April 7, 2004
Public Citizen Submits Comments to the FEC Calling for Regulation of Section 527 Groups
FEC Should Expand the Class of Political Committees Subject to Reporting Requirements and Contribution Limits to Include Section 527s But Not 501(c) Non-Profit Groups
WASHINGTON, D.C. – Public Citizen has submitted comments to the Federal Election Commission (FEC) supporting the agency’s proposal to regulate Section 527 electioneering groups under federal campaign finance laws to prevent a flood of “soft money” from special interest groups from flowing into federal elections. Public Citizen also criticized the proposed regulation as too sweeping and urged the agency to narrow its scope so that 501(c) non-profit groups would not be captured under the regulation, since these groups usually are legitimate advocacy organizations.
Public Citizen submitted comments in response to the FEC’s proposed regulation to expand the definition of a “political committee,” which is subject to federal contribution limits, to non-profit groups, which currently are not subject to the limits. Under federal campaign finance laws as amended by the new McCain-Feingold law, political committees are not entitled to use “soft money” – money from corporate or union treasuries or from individuals and PACs in excess of the contribution limits – to pay for electioneering for or against federal candidates. Many electioneering groups have avoided the contribution limits by registering as Section 527 groups under the tax code, rather than as political committees under the election code. Because 527 groups fall outside the campaign finance laws, these groups can raise and spend unlimited soft money, and many are planning on doing exactly that in the 2004 presidential election.
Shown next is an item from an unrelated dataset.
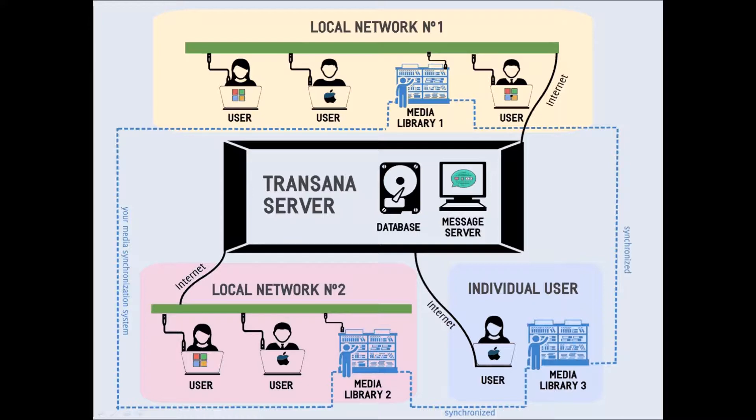In the diagram, you can see that each location, that is, each local network of computers connecting to the server, has its own copy of the media library. If your research team has copies of the media library in multiple locations, you will need to set up a system for sharing new files between locations.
“Section 527 groups, whose primary purpose is to influence elections, should not be exempt from campaign finance laws,” said Joan Claybrook, president of Public Citizen. “It is time to close this gaping hole.”
Public Citizen urged the FEC not to adopt an overly broad definition of political committee that could falsely capture legitimate advocacy organizations, such as 501(c) non-profit groups. Some of the regulatory options being debated by the commission – such as classifying any group that spends more than $50,000 supporting or attacking an officeholder as a committee subject to federal campaign finance laws – are far too sweeping and could endanger the right of citizens and groups to discuss serious political issues and criticize officeholders for their positions on these issues.
“The right of 501(c) advocacy groups to challenge officeholders and candidates on the issues of the day must be protected,” said Craig Holman, legislative representative with Public Citizen’s Congress Watch division.
Public Citizen urged the FEC to act quickly on the proposed regulation so that political players know the rules before the flurry of campaign activity begins this summer. The group recommended that the FEC promulgate this regulation by May of this year or consider delaying its implementation until after the 2004 elections.
Public Citizen’s comments also reflect its strong concerns about protecting the advocacy rights of the non-profit community. It noted that some political operatives abuse the tax code and conceal their primary purpose of electioneering under 501(c) tax status. This abuse is likely to become more common if the FEC does, in fact, close the 527 loophole. As a result, Public Citizen further encouraged the FEC to advise the IRS to enhance its disclosure requirements of 501(c) non-profit groups so total “electioneering expenditures” are distinguished from total “lobbying expenditures.” Currently under the tax code, both types of expenditures are aggregated as “lobbying expenditures,” making it impossible to detect shadow electioneering groups.
Such an improved disclosure system for the non-profit community would not penalize groups with extensive expenditures that praise or criticize candidates and officeholders – the type of advocacy work expressly permitted for 501(c) non-profits. But it would help the IRS flag potential abuses of the tax code by groups primarily seeking the election or defeat of candidates for closer scrutiny under the “facts-and-circumstances” of each individual case.